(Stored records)
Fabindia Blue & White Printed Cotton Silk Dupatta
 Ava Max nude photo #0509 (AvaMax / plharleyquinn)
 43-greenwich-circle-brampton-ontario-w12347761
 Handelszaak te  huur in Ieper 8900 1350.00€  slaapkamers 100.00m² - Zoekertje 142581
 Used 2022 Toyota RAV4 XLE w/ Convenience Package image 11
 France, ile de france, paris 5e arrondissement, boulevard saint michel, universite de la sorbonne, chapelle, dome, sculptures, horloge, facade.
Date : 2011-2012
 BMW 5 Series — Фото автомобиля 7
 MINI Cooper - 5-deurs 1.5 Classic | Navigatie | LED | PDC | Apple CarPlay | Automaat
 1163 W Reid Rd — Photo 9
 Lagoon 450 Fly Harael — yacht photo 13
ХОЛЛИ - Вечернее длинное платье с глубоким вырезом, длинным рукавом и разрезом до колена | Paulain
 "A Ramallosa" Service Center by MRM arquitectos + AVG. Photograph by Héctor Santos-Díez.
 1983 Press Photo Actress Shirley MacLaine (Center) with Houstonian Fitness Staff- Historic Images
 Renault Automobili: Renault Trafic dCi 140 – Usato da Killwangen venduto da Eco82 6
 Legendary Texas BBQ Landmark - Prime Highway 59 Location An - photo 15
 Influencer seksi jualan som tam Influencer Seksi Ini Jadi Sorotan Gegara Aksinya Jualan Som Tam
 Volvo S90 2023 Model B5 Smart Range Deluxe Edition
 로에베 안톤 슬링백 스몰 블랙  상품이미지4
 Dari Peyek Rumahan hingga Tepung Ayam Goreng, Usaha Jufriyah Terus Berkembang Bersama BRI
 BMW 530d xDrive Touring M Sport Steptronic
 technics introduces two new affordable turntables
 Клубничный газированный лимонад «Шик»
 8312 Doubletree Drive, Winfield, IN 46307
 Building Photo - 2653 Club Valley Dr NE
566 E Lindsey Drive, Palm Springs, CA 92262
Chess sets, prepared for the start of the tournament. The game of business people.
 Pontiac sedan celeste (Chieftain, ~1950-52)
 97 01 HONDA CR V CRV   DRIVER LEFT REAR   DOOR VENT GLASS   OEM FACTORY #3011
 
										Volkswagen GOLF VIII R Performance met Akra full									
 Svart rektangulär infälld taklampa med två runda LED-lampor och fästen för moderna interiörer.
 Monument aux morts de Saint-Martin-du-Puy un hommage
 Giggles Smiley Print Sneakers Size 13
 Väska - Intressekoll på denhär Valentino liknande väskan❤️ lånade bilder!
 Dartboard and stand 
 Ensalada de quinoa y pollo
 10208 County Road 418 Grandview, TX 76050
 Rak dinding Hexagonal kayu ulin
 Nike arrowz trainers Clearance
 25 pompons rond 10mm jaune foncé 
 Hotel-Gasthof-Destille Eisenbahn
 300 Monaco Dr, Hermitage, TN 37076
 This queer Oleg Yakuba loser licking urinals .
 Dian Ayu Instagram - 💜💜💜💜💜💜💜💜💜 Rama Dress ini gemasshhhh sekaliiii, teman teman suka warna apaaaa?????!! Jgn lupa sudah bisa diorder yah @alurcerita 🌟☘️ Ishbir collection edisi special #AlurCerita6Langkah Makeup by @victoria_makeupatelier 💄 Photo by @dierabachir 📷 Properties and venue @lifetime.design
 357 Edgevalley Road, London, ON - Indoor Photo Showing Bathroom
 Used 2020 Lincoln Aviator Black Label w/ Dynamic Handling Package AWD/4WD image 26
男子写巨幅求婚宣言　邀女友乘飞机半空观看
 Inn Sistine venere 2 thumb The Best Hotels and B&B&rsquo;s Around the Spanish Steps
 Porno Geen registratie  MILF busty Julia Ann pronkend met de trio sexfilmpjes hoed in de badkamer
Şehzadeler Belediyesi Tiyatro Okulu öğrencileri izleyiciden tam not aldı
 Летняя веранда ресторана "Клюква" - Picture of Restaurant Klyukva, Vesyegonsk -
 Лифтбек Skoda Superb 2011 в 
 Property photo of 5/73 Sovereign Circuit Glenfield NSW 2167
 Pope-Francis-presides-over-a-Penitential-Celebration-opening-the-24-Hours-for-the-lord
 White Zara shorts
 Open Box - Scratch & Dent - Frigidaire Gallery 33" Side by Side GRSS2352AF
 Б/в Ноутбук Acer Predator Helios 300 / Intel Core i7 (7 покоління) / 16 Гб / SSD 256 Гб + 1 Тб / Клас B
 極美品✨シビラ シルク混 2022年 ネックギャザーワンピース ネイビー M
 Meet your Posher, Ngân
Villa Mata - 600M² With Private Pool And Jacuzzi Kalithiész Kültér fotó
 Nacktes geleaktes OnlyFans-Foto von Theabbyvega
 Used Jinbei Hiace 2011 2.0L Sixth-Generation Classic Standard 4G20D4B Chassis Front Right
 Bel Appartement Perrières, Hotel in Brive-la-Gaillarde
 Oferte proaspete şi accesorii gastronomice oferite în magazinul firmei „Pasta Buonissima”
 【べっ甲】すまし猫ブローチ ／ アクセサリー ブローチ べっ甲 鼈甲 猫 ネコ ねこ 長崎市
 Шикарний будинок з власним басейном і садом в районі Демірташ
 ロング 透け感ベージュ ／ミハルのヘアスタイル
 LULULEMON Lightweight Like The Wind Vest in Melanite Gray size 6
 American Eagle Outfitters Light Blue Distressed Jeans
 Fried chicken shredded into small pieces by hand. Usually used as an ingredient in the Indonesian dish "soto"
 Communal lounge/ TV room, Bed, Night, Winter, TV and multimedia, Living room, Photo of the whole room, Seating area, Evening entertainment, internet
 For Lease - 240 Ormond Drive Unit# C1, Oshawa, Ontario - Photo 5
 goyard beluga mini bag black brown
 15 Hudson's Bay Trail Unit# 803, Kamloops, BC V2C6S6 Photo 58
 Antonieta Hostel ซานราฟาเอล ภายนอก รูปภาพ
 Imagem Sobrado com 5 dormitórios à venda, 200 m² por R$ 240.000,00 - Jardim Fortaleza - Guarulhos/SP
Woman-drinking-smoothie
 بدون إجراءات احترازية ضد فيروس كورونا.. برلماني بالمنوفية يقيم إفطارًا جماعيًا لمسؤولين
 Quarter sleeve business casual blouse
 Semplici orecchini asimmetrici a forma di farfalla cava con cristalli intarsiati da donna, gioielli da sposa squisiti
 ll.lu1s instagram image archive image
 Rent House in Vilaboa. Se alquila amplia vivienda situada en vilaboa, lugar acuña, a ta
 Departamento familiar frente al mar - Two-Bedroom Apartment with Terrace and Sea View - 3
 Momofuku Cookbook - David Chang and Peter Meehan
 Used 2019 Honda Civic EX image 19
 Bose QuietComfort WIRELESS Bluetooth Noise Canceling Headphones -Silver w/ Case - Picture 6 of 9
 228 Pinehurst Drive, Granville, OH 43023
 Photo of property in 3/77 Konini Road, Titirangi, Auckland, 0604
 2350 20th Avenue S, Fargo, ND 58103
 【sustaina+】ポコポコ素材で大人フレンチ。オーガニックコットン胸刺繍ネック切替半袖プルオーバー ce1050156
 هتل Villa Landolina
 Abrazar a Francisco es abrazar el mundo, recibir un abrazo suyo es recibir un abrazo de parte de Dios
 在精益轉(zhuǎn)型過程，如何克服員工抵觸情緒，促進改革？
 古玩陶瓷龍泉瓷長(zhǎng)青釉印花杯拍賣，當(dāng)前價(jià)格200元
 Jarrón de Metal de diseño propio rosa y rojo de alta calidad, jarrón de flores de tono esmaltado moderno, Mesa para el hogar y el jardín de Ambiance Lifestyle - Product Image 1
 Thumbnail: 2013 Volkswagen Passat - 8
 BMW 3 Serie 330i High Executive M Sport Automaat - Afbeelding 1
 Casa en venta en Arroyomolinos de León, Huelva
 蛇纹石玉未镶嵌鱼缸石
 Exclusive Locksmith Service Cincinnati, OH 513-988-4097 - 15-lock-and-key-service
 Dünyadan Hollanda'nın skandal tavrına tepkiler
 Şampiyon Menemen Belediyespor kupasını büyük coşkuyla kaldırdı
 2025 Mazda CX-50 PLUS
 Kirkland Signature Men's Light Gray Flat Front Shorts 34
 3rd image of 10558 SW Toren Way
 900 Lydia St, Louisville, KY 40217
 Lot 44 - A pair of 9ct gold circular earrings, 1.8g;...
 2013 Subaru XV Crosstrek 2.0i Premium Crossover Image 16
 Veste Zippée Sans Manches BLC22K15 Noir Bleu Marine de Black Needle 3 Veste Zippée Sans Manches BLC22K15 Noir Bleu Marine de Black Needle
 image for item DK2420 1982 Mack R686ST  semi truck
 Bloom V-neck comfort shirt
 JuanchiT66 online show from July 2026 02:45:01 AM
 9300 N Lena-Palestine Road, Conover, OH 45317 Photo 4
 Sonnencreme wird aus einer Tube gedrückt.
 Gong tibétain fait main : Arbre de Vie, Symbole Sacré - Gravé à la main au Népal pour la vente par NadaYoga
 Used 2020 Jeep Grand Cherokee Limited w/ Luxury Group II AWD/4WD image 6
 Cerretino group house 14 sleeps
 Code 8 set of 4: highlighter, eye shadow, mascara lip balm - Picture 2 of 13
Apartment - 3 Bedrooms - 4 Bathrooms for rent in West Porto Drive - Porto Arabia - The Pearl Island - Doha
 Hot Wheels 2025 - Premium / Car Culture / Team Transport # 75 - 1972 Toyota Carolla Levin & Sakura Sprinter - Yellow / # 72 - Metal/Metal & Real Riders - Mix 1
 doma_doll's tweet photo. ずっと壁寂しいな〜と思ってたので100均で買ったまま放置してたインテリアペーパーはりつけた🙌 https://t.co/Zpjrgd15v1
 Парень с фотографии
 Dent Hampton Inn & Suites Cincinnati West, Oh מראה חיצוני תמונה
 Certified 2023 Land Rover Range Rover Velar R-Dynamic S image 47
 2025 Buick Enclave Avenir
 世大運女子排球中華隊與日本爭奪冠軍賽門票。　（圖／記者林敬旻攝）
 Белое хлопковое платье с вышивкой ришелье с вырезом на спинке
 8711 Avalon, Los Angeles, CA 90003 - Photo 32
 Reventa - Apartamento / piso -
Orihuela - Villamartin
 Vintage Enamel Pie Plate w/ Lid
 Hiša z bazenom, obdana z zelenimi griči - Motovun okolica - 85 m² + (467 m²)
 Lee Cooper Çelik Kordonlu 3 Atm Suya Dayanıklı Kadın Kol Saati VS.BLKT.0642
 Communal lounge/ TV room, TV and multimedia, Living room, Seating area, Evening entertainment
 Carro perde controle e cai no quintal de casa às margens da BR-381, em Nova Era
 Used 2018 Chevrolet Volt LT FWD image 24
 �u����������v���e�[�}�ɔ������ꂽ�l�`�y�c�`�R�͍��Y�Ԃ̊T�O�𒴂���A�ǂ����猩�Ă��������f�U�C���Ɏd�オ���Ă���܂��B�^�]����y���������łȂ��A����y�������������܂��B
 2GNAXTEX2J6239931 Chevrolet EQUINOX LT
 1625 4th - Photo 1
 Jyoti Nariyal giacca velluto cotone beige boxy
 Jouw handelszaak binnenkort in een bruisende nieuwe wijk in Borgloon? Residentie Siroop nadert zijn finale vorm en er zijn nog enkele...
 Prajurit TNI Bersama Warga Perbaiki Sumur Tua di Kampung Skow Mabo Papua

EXERCISE: Reproduce the lines of the records exactly, from the first one through the line that contains "Influencer seksi jualan".

YOUR RESPONSE:
Fabindia Blue & White Printed Cotton Silk Dupatta
 Ava Max nude photo #0509 (AvaMax / plharleyquinn)
 43-greenwich-circle-brampton-ontario-w12347761
 Handelszaak te  huur in Ieper 8900 1350.00€  slaapkamers 100.00m² - Zoekertje 142581
 Used 2022 Toyota RAV4 XLE w/ Convenience Package image 11
 France, ile de france, paris 5e arrondissement, boulevard saint michel, universite de la sorbonne, chapelle, dome, sculptures, horloge, facade.
Date : 2011-2012
 BMW 5 Series — Фото автомобиля 7
 MINI Cooper - 5-deurs 1.5 Classic | Navigatie | LED | PDC | Apple CarPlay | Automaat
 1163 W Reid Rd — Photo 9
 Lagoon 450 Fly Harael — yacht photo 13
ХОЛЛИ - Вечернее длинное платье с глубоким вырезом, длинным рукавом и разрезом до колена | Paulain
 "A Ramallosa" Service Center by MRM arquitectos + AVG. Photograph by Héctor Santos-Díez.
 1983 Press Photo Actress Shirley MacLaine (Center) with Houstonian Fitness Staff- Historic Images
 Renault Automobili: Renault Trafic dCi 140 – Usato da Killwangen venduto da Eco82 6
 Legendary Texas BBQ Landmark - Prime Highway 59 Location An - photo 15
 Influencer seksi jualan som tam Influencer Seksi Ini Jadi Sorotan Gegara Aksinya Jualan Som Tam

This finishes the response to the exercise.